Classictoulouse : De Nabucco, dont la dernière production capitoline remonte à 1987, au Vaisseau Fantôme, que l’on n’a pas entendu au Capitole depuis 1992, en passant par Voyage d’automne, qui est une création mondiale, et Orphée aux Enfers, absent de l’affiche toulousaine depuis 1991, sans oublier Adrienne Lecouvreur, revenant après 36 ans d’absence, il est facile d’imaginer tout le travail d’apprentissage que doit faire le Chœur du Capitole pour cette saison. Comment s’est-il préparé ?

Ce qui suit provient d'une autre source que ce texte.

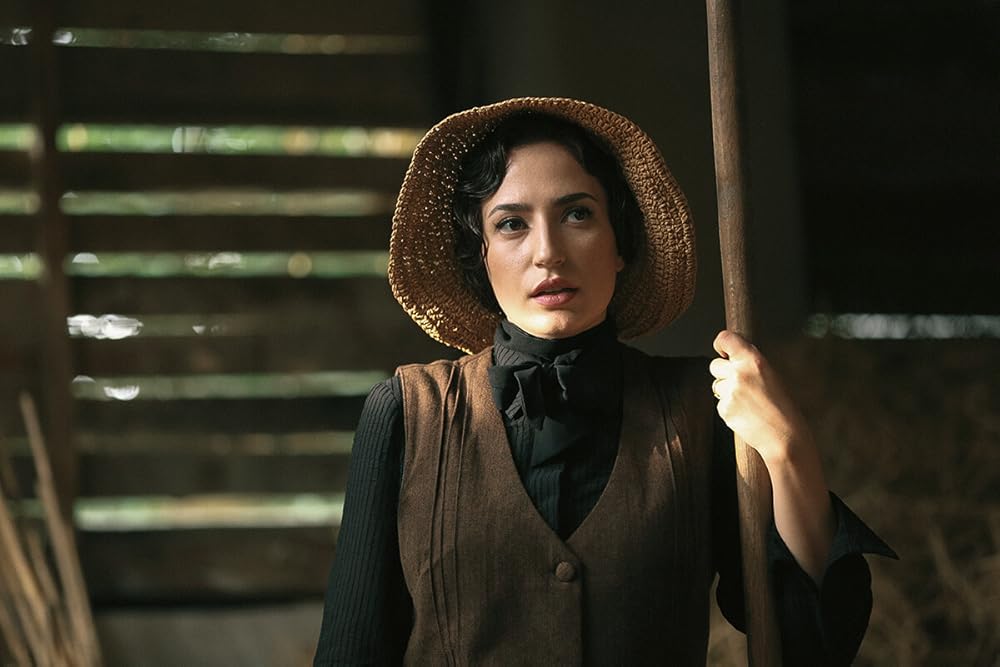 Gemophradit jinsiy olatni va qin hammasi bir tanada Gozal yalangoch ozarbayjon ayollari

Gabriel Bourgoin : Effectivement, tout le Chœur, ou presque, est au même niveau de découverte de ces ouvrages. Et même pour celles et ceux qui les ont chantés dans d’autres théâtres ou dans des festivals, il est nécessaire de revenir sur ces œuvres. En fonction de la difficulté des partitions, nous nous y prenons plus ou moins longtemps à l’avance. Par exemple pour la création de Voyage d’Automne, nous avons ouvert la partition dès le printemps dernier afin d’appréhender le travail qui nous attendait tant en terme de vocalité que de personnages à interpréter. J’ai d’ailleurs sollicité l’aide de Dorian Astor, le librettiste de cet opéra, afin qu’il vienne nous présenter les enjeux de cette histoire. Nous avons commencé à travailler sur Nabucco courant mai 2024. En janvier prochain nous montons à bord du Vaisseau Fantôme pour le mois de mai 2025. Notre travail se fait en plusieurs étapes. Il y a celle de la découverte, puis vient celle de l’apprentissage et enfin celle passionnante de l’affinage. Au cours de ces étapes nous abordons la musique mais aussi la langue et ses sonorités propres. En même temps il convient d’approfondir la caractérisation des personnages. Les Hébreux ne se chantent pas comme les Assyriens ni comme les marins fantômes. L’étude sur la couleur de la langue chantée, italien, russe, français, etc., est très importante. Le but est d’arriver fin prêt à la « musicale chef », c’est-à-dire la première rencontre entre le Chef d’orchestre et le Chœur. Tout en sachant que le Chœur doit avoir la souplesse de s’adapter à la battue du chef, à ses tempos, tout en ayant une forme de proposition, en particulier en terme de phrasés et de nuances, des propositions qui peuvent nourrir sa relation avec le maestro. Pendant le travail scénique du Chœur, il m’appartient d’être vigilant, en fonction de la mise en scène, à ce que la qualité de la phalange chorale ne soit pas en danger, quitte à faire de petits ajustements, des compromis de quelques secondes parfois. Il ne vous a pas échappé que le Chœur chante sans partition, la mémoire n’étant pas infaillible, il arrive que l’on soit amené à rappeler certaines données juste avant les spectacles lors de ce qu’on appelle des raccords. Sur Nabucco, la charge mentale est énorme et je vois bien d’ores et déjà qu’un petit check up sera le bienvenu entre deux représentations.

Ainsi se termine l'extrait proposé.